Ever-increasing data generation and transmission demands have been driving great advancements in wireline communications from both electrical and optical approaches for short- and long-distance scenarios, respectively. In the meter range scenario, both electrical and optical approaches face great challenges. That is, the lossy and bandwidth limited channels are the bottlenecks of electrical interconnect. For optical interconnect, the features, such as the required complex fabrication and the high environment sensitivity, increase the power and cost budgets significantly, making it uneconomical for short-distance communications. To mitigate these issues, low-loss dielectric channel-based interconnects have been investigated and demonstrated. However, all the design reported are all for point-to-point configurations, not suitable for multi-drop distributed architectures.
Besides CMOS transmitters and receivers, advanced spatial multiplexing schemes are fully investigated and architectures of wireline communication system at sub-THz/THz are selected according to the application scenarios. This dissertation also investigates the most used passive and active, on-chip and off-chip components, circuit modeling, layout optimization, and design strategies, such as neutralization and power maximization methods.
Two sub-THz interconnect systems, FDM based dual-band sub-THz interconnect and MDM multi-drop sub-THz interconnect, are proposed and demonstrated.
A low-loss and wideband Si DWG coupled with a pair of diplexers is employed to support two highly isolated and low loss sub-channels simultaneously. The proposed sub-THz interconnect achieves the energy efficiency of 1.58 pJ/b with the aggregate data rate of 22.6 Gb/s and BER better than 1e-12. It demonstrates the record bandwidth density of 150.7 Gb/s/mm2. Channelization provides a venue to boost the interconnect key metric of bandwidth density by taking full advantages of the abundant THz spectrum resource.
The theory of DWG mode coupler is derived and explained, and it can guide the multi-mode multi-drop waveguide design and provide optimization strategies effectively. Then a multi-drop sub-THz interconnect system is demonstrated, enabling three simultaneous logical channels for E11^y, E21^y and E31^y mode and supporting data rates of 24 Gb/s, 22 Gb/s and 19 Gb/s, respectively, with the BER better than 1e-12. The demonstrated aggregate data rate of the three channels is 65 Gb/s with the energy efficiency of 1.6 pJ/b.
To the authors’ knowledge, This is the first time to demonstrate multi-mode multi-drop DWG based interconnect.

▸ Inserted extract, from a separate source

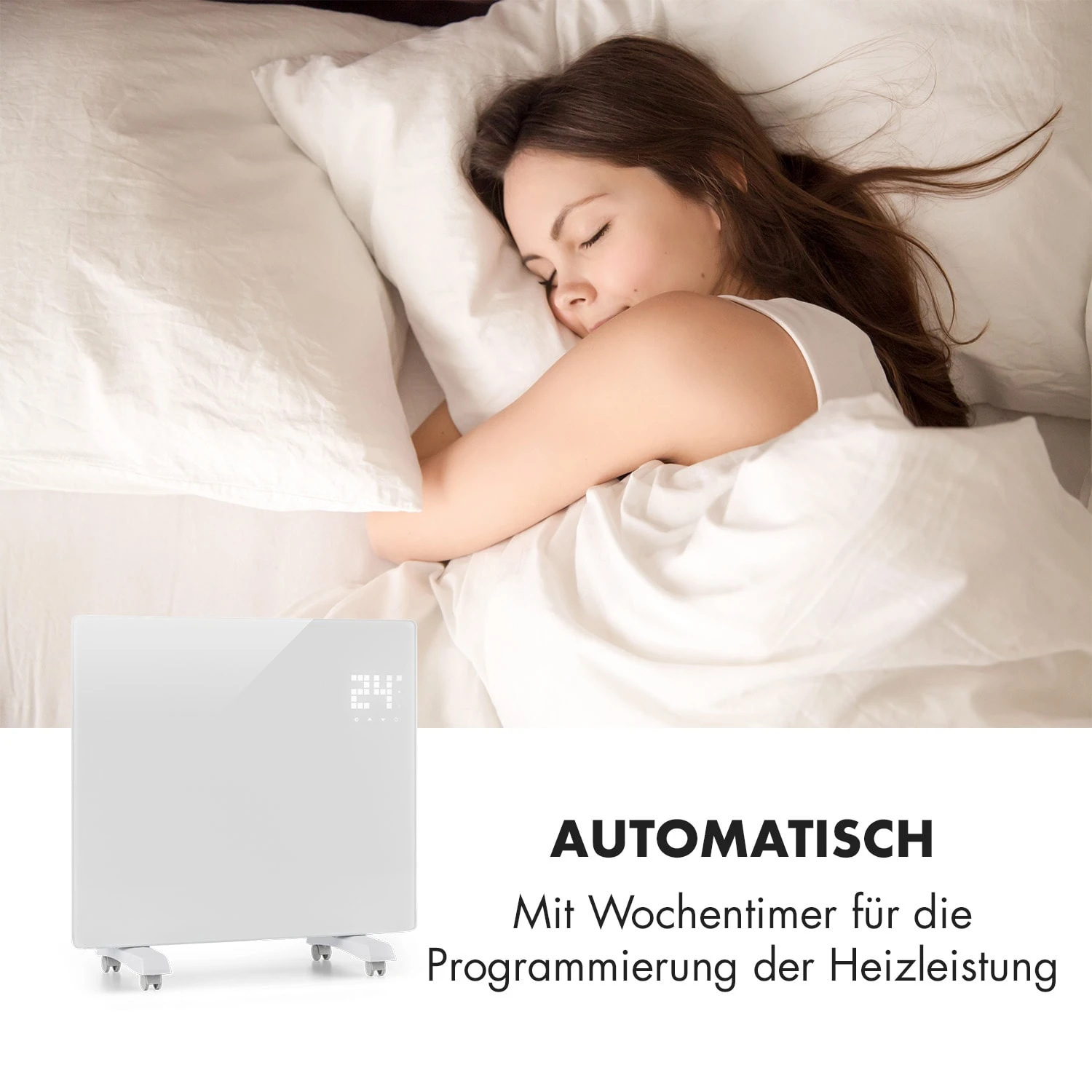 Bornholm Single Smart Konvektionsheizgerät 1000 W App-Steuerung 4 Bornholm Single Smart Konvektionsheizgerät 1000 W App-Steuerung – Bild 4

One note to make is that although the demonstration channel length is 5.2 cm, this is due to the size constraint of the wafer used to fabricate the channel. This interconnect system can be readily extended to the meter range due to the channel ultra-low loss feature. Furthermore, it can also scale to more modes to support more logic channels per physical link and can be extended to multi-dimension, two-/three- dimension, interconnect systems. Besides, with more advanced semiconductor technologies for active circuits, the data rate per channel will be further increased. Therefore, we believe that demonstrated multi-mode multi-drop sub-THz interconnect systems open a new path with high potentials to complement the existing electrical and optical interconnect to address the challenging meter range wireline communication scenarios.